StableRNGs | Stable random seeding |

StatsPlots | The plotting and visualization library |

First we prepare the environment by listing the packages we are using within the example.

```
#Packages used for this example
using PumasQSP
using ModelingToolkit
using DifferentialEquations
using DataSets
using DataFrames
using StructuralIdentifiability: assess_identifiability, assess_local_identifiability
using StatsPlots
using Random
```

## Model setup

As a demonstration, we will use a pharmacokinetic model of in-vitro Pitavastatin hepatoc uptake ^{[1]}. This is a system of equations, as shown below, contains two states, one observable and six unknown parameters as shown below.

\[\begin{aligned} \frac{dx_1}{dt} &= k_3 x_3 - r_3 x_1 - k_1 x_1 (T_\theta - d + x_1 + x_3) + r_1 (d - x_1 - x_3) \\ \frac{dx_3}{dt} &= r_3 x_1 - k_3 x_3 + k_2 (d - x_1 - x_3) \\ y &= k (d - x_1) \end{aligned}\]

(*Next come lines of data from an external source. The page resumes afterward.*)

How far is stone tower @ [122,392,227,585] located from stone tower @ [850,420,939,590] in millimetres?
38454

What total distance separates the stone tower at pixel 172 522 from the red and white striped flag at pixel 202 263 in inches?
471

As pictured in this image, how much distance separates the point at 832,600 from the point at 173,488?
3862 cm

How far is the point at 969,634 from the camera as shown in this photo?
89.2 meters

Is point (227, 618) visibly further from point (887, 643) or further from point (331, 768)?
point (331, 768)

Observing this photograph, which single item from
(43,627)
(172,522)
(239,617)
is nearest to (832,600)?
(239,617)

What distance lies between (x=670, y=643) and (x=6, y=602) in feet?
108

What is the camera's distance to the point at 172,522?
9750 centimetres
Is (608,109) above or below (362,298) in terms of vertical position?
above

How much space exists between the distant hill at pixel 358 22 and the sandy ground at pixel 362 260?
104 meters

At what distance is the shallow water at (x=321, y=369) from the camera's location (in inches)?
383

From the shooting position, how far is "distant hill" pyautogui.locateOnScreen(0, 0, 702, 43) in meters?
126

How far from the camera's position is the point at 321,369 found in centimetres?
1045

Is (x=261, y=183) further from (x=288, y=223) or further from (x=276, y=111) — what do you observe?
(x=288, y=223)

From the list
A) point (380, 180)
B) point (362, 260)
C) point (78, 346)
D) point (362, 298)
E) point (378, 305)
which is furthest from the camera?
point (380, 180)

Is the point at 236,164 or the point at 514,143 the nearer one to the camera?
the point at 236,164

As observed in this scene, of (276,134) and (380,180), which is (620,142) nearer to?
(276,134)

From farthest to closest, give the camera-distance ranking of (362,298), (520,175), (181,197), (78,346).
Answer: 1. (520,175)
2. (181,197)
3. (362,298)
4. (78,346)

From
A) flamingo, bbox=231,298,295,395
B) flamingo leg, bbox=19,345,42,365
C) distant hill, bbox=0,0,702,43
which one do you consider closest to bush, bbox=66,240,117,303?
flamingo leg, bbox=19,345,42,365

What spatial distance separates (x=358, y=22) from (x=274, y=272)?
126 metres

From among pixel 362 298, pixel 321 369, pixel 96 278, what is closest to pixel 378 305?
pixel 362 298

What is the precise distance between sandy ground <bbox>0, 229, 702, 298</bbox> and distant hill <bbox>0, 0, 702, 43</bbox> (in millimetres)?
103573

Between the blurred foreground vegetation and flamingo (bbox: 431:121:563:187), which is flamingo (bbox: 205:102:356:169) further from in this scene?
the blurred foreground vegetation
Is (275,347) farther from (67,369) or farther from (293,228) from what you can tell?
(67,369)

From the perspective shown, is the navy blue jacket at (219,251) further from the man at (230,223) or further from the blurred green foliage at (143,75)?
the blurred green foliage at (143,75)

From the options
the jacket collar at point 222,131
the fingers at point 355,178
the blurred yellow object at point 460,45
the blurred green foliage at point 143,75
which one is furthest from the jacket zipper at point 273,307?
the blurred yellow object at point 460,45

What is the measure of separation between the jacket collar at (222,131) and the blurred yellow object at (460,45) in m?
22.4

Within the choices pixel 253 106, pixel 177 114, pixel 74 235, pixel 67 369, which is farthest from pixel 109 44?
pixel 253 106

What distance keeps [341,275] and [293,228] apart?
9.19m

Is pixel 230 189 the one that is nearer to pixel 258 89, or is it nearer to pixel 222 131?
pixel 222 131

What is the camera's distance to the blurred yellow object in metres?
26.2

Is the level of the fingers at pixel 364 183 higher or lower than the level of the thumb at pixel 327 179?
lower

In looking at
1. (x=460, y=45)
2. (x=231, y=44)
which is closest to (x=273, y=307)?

The system of ODEs is a mass-action model where $T_\theta$ is the total number of transporter binding sites, and other parameters like ${k_1, r_1, k_2, k_3, r_3}$, are the reaction constants. The $d$ is the initial concentration value of the medium where the hepatocytes initially reside before the trial, which is known prior to conducting the trial. The unknown concentrations in each of the compartments inside the hepatocyte cell, `x1`

and `x3`

, is modeled by the underlying differential equations. The `k`

is the observation gain constant, which is used to measure the observed variable `y`

.

```
# States of the model
k = 1
d = 5
@variables begin
t
x1(t) = k*d
x3(t) = 0
y(t)
end
# Parameters of the model
@parameters begin
k₁ = 0.5
k₂ = 0.5
k₃ = 0.8
r₁ = 0.8
r₃ = 1.2
T₀ = 3.5
end
# Equations of the model
D = Differential(t)
eqs = [
D(x1) ~ (k₃ * x3 - r₃ * x1 - k₁ * x1 * (T₀ - d + x1 + x3) + r₁ * (d - x1 - x3)),
D(x3) ~ (r₃ * x1 - k₃ * x3 + k₂ * (d - x1 - x3)),
]
obs_eq = [y ~ k * (d - x1)]
measured_quantities = [y ~ k * (d - x1)]
# Model
@named model = ODESystem(eqs; observed = obs_eq)
```

\[ \begin{align} \frac{\mathrm{d} \mathrm{x1}\left( t \right)}{\mathrm{d}t} =& r_1 \left( 5 - \mathrm{x1}\left( t \right) - \mathrm{x3}\left( t \right) \right) + k_3 \mathrm{x3}\left( t \right) - r_3 \mathrm{x1}\left( t \right) - k_1 \left( -5 + T_0 + \mathrm{x1}\left( t \right) + \mathrm{x3}\left( t \right) \right) \mathrm{x1}\left( t \right) \\ \frac{\mathrm{d} \mathrm{x3}\left( t \right)}{\mathrm{d}t} =& k_2 \left( 5 - \mathrm{x1}\left( t \right) - \mathrm{x3}\left( t \right) \right) + r_3 \mathrm{x1}\left( t \right) - k_3 \mathrm{x3}\left( t \right) \end{align} \]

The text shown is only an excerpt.